▶ [Dataset content]
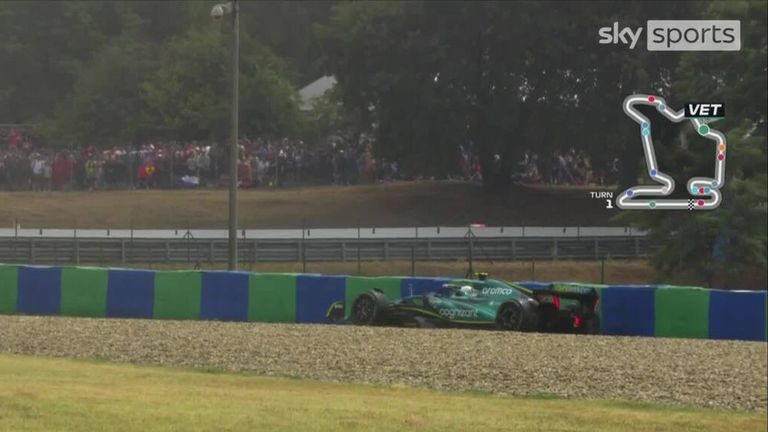 Sebastian Vettel finds the barrier at Turn 10 and brings out the red flag in Practice 3.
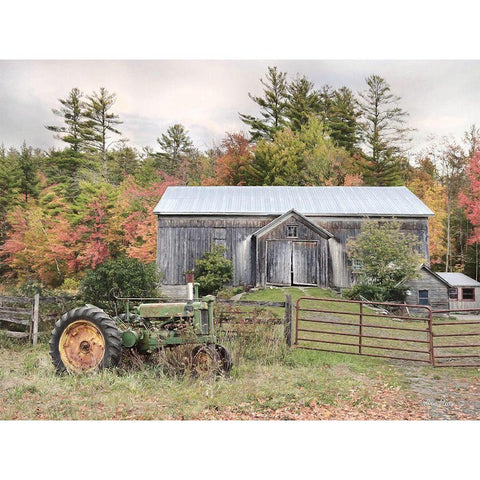 Fall on the Farm II Black Modern Wood Framed Art Print with Double Matting by Deiter, Lori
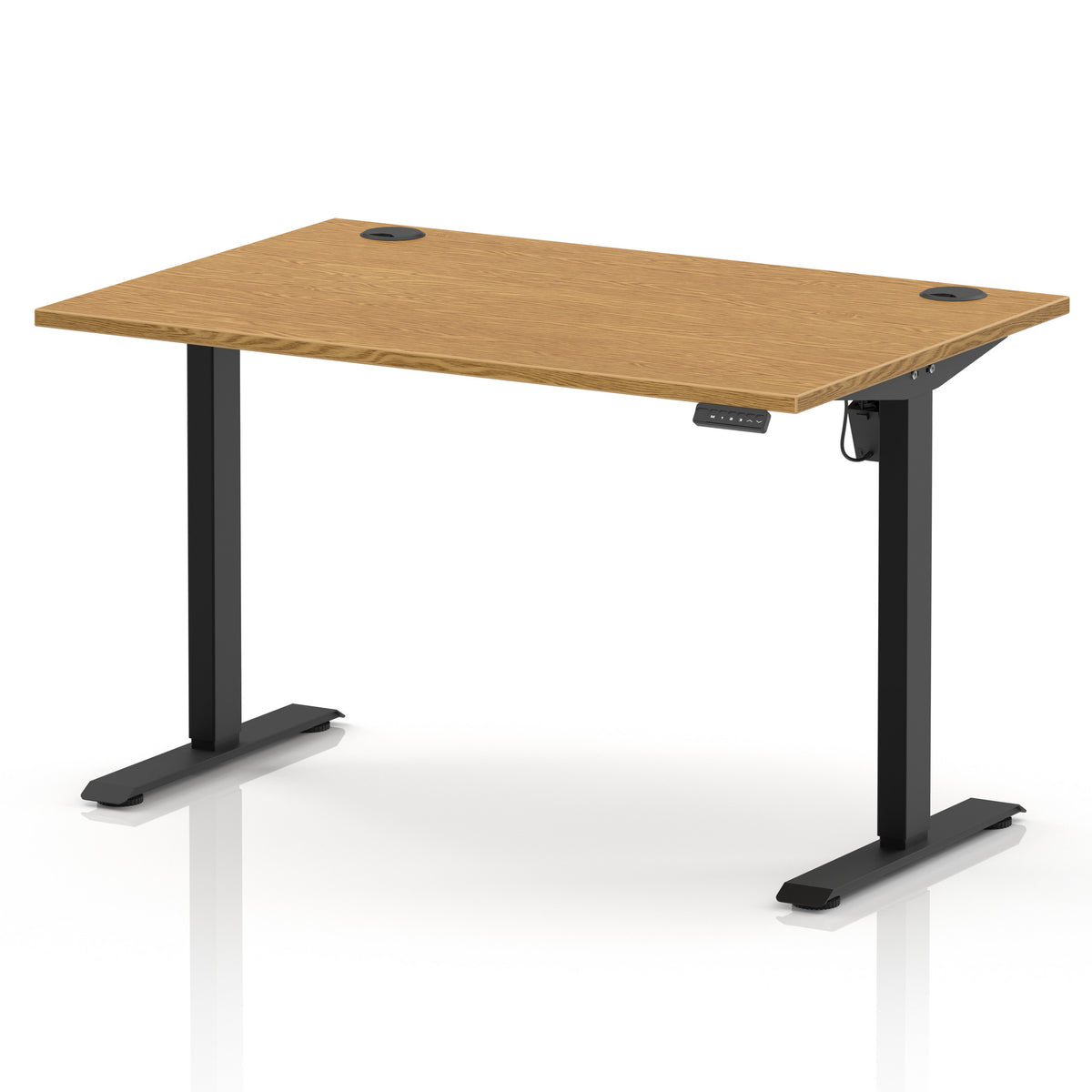 Air Lite Height Adjustable Desk With Cable Ports 1200mm Oak Black - Industrious Decor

▶ [Brief]
In the copy, omit the pictures and give every line of the data exactly.

▶ [Result below]
 Sebastian Vettel finds the barrier at Turn 10 and brings out the red flag in Practice 3.
 Fall on the Farm II Black Modern Wood Framed Art Print with Double Matting by Deiter, Lori
 Air Lite Height Adjustable Desk With Cable Ports 1200mm Oak Black - Industrious Decor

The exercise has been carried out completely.